While we can pinpoint two definite sections that are a problem, the platforming is low-level naff throughout. There’s no ability to peek below you, but there are certainly leaps of faith. To make that worse, there is fall damage, so you better make a landing quick sharpish. Land on spikes and you’re insta-killed, which is a problem when there are limited lives and continues. The punishment for falling off a platform is magnitudes worse than getting shot by a drone.
It creates something of a Ying Yang, as the shooting is exquisite and the platforming very much isn’t. As we said earlier, we can’t help think that a modern game would push down the platforming or tinker with the failure states. Credit to ININ Games for adding its customary features that soften the problem, then. You can rewind whole chunks of a level with the press of LB, and an alternative game mode effectively lets you play with infinite lives. ININ have done yet another stellar preservation job.
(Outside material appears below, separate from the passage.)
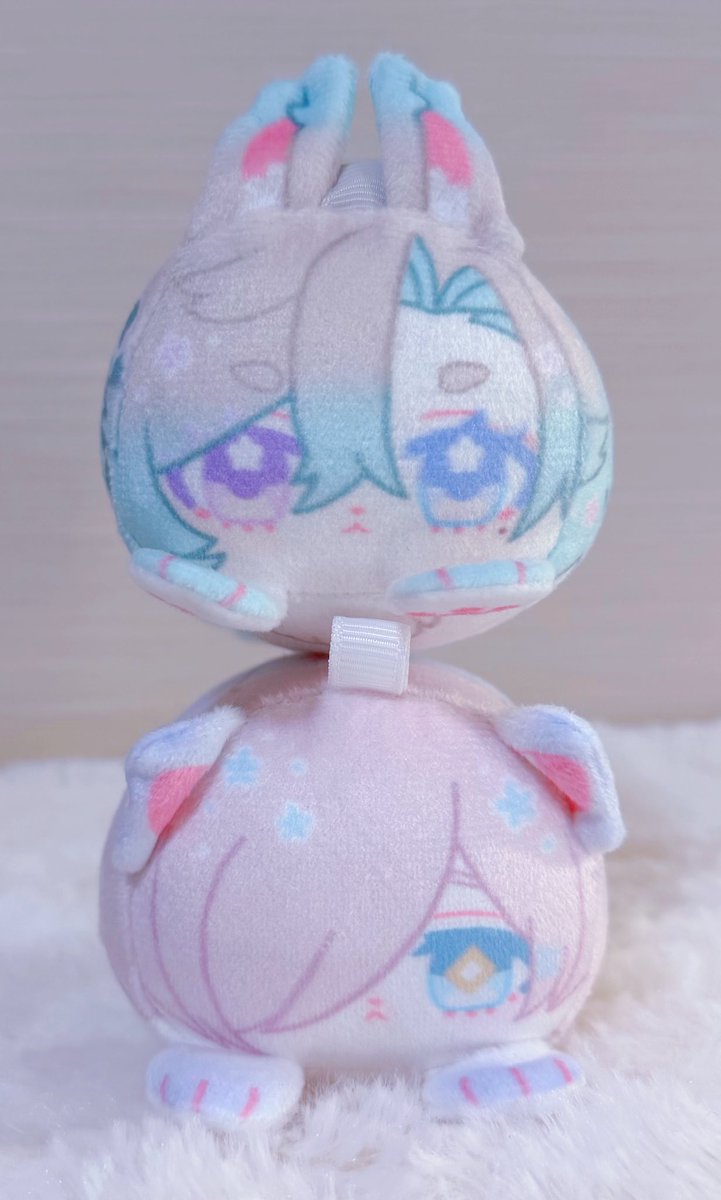 mu6_to10's tweet photo. 同じサイズのも出来上がったんだけど見て……可愛い…………💜🩵 https://t.co/ObM1ZQXTxD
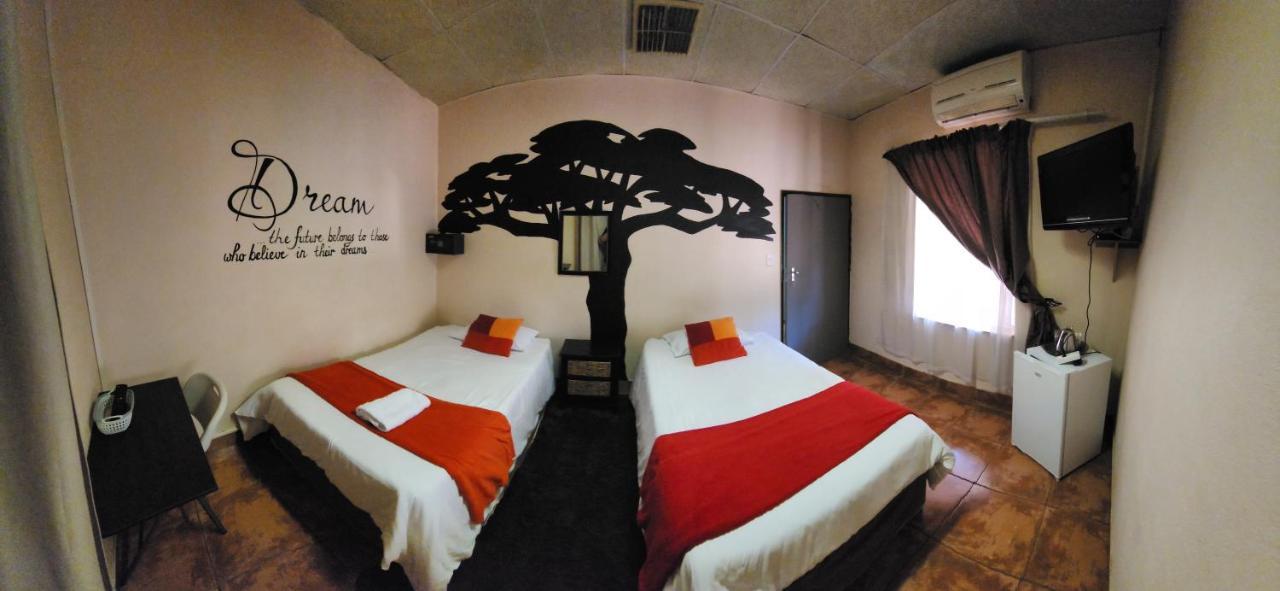 Casa Feliz Hotell Mokopane Exteriör bild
It’s worth grappling with the platforming, not only because the shooting is fab, but because the level structure is more ambitious than we remembered from games in 1994. It’s not quite a Metroidvania, since the walls you hit are unlocked by keycards more than mechanical abilities, but the levels are definitely more sprawling and undirected than we remember any Megadrive game being. It’s entirely possible to get lost (a map would have been welcome, outside of occasional terminals found in the levels), and Ultracore feels grander and deeper as a result.
That feeling is enriched by Ultracore’s love for a secret. Cracked walls – sometimes no more than a few pixels wide – can be shot to grab one-ups and other collectibles, all tallied at the end of each level to generate a score. There are dozens of them per level, encouraging you to pay attention at all times.
And then there’s the surfeit of bosses. Ultracore takes a Streets of Rage approach and delivers mini bosses as well as bosses, and you’d be hard-pressed to tell the difference between the two. Very few of them are particularly challenging, since they have very clear dead spots and memorisable phases, but they at least pose an initial challenge. The fact that there are so many of them is the real wonder. We enjoyed the cognitive shift from the corridor shooting that they represented.
Which is all to say that we can see why Strictly Limited Games resurrected Ultracore. It’s slower paced and more deliberate than its forebears, and it needed to either rip out or improve its platforming, but what is here is slick and gets the adrenaline pumping.
‘Ultra’ is probably overstating it, but any lover of Contra, Mega-Man and Metal Slug will find plenty of value from their £7.99 purchase of Ultracore.